YOSHIMASA AND THE SILVER PAVILION: The Creation of the Soul of Japan, by Donald Keene. New York: Columbia University Press, 2003, 10 illustrations, 224 pp., $29.95 (paper).

In the appropriate volume of his monumental history of Japanese literature, Donald Keene only once mentions the eighth Ashikaga Shogun Yoshimasa (1443-1490). This is in connection with the craze for composing renga poetry, a fad that "extended to every part of the country; and even in the capital where the emperor and the shogun Ashikaga Yoshimasa did their best to forget that people were being killed and houses destroyed a few steps away, the craze raging unabated during the worst of the fighting."

One senses disapproval.

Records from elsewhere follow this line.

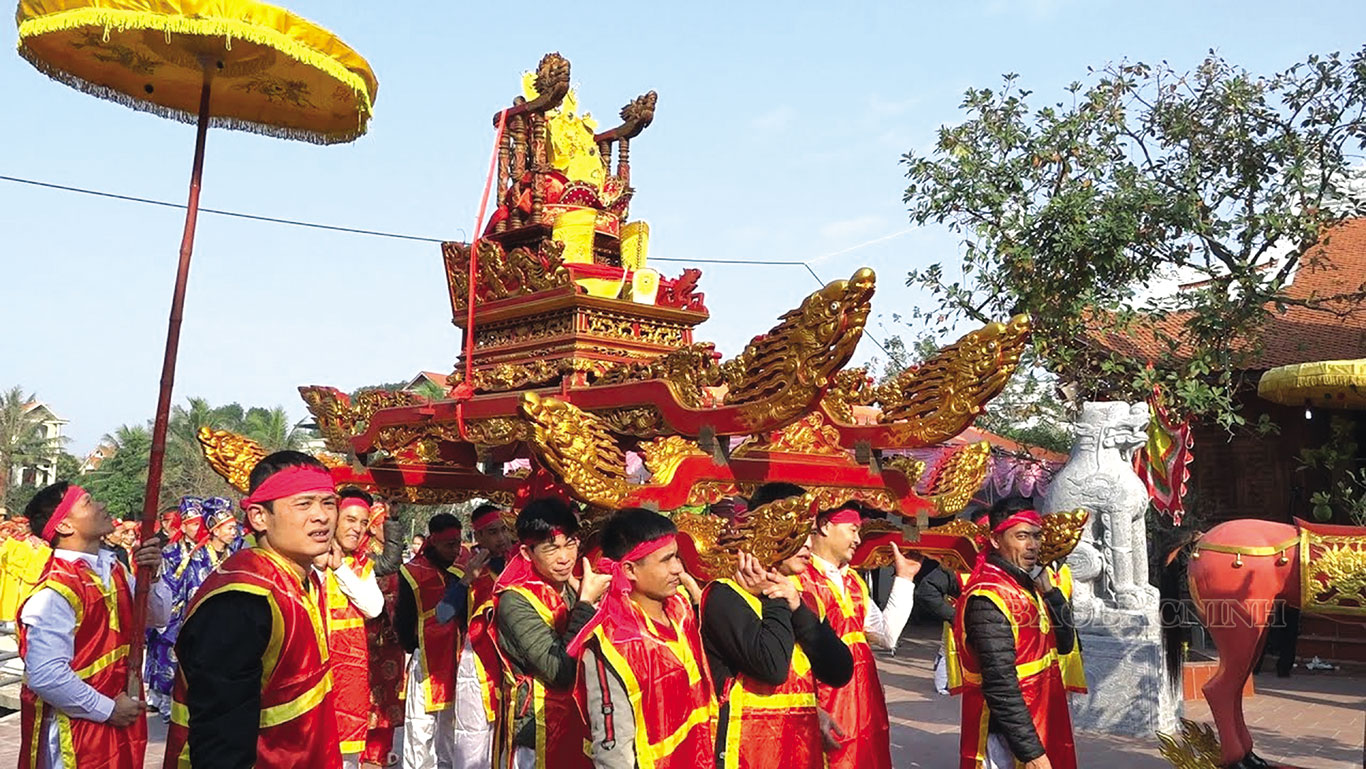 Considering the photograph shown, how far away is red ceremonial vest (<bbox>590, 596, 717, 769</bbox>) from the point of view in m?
3.10

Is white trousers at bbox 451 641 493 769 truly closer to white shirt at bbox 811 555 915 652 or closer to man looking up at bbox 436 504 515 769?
man looking up at bbox 436 504 515 769

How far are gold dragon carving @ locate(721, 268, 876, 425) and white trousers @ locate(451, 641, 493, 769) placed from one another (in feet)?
7.49

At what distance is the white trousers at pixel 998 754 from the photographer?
421cm

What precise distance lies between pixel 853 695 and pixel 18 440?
3012cm

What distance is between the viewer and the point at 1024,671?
171 inches

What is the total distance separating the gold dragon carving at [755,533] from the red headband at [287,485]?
3.78ft

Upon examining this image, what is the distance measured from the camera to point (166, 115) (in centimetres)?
439

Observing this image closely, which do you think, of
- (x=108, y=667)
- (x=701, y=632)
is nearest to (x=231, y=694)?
(x=701, y=632)

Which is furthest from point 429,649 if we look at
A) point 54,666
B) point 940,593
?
point 940,593

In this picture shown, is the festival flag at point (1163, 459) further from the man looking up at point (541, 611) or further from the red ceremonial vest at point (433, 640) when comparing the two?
the man looking up at point (541, 611)

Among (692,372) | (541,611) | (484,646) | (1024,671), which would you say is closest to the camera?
(692,372)

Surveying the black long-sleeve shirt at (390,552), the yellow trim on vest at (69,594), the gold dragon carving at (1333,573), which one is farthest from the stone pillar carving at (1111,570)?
the yellow trim on vest at (69,594)

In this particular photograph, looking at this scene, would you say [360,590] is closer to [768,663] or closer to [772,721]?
[772,721]

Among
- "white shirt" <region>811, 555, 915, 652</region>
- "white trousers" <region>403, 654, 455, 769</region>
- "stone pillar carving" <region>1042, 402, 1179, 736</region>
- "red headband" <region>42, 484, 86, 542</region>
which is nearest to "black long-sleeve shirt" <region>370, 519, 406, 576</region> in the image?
"white trousers" <region>403, 654, 455, 769</region> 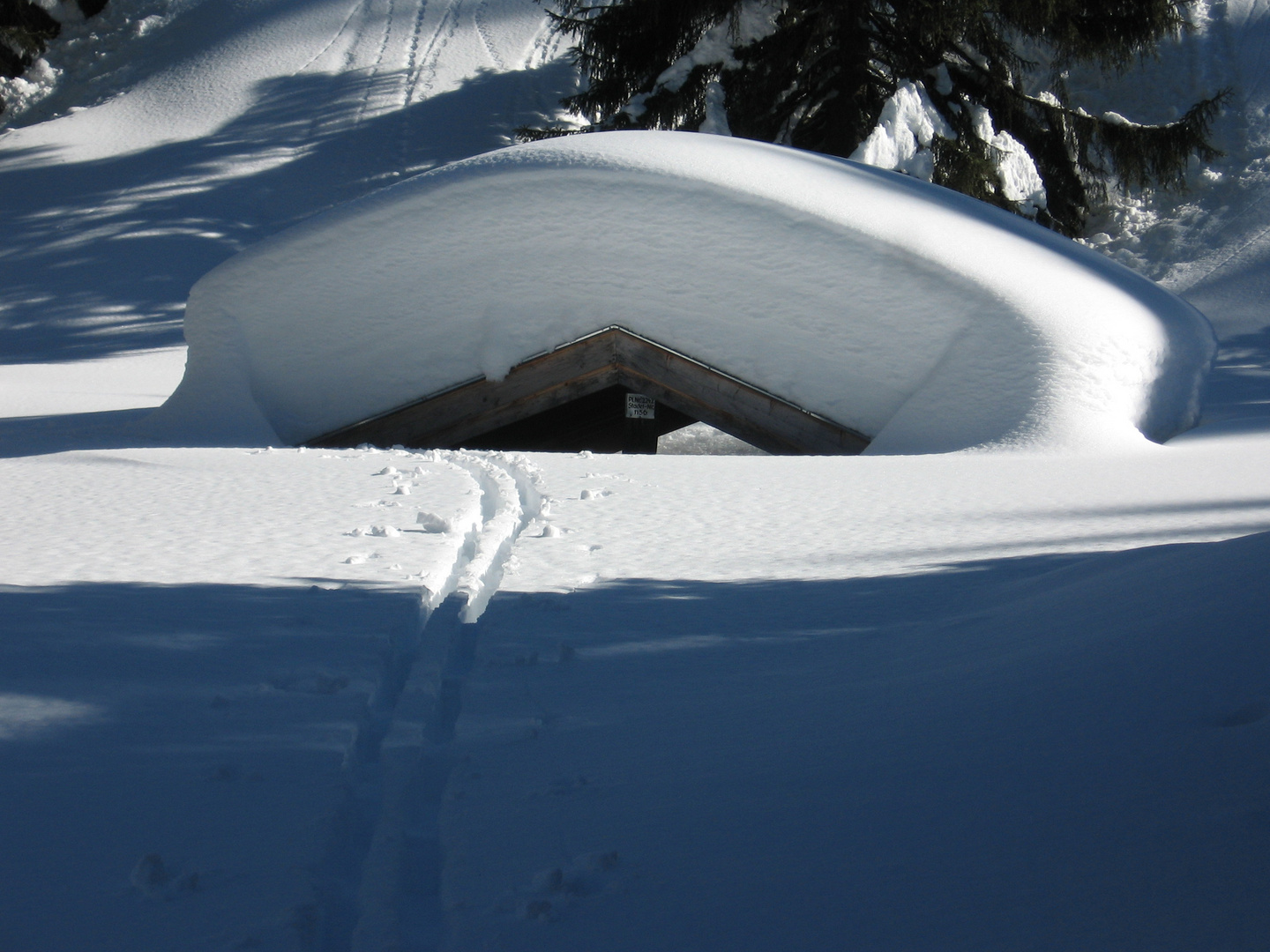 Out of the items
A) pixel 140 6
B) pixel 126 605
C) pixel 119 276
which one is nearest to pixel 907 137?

Indeed, one learns in this new history of Yoshimasa and his times that this disapproval was well deserved. Diaries of the period describe the destruction of Kyoto, the death of its citizens. One writer described how the stench from the corpses clogging the Kamo River pervaded the entire capital. When another stood on the Shijo Bridge and looked down into the water, the river looked to him like a hilly landscape of bodies.

The Shogun barely even looked out of the window, so occupied was he with renga, tea ceremonies, expensive gardens and even more expensive palaces. Yoshimasa, says Keene, "may have been the worst shogun ever to rule Japan. He was a total failure as a soldier."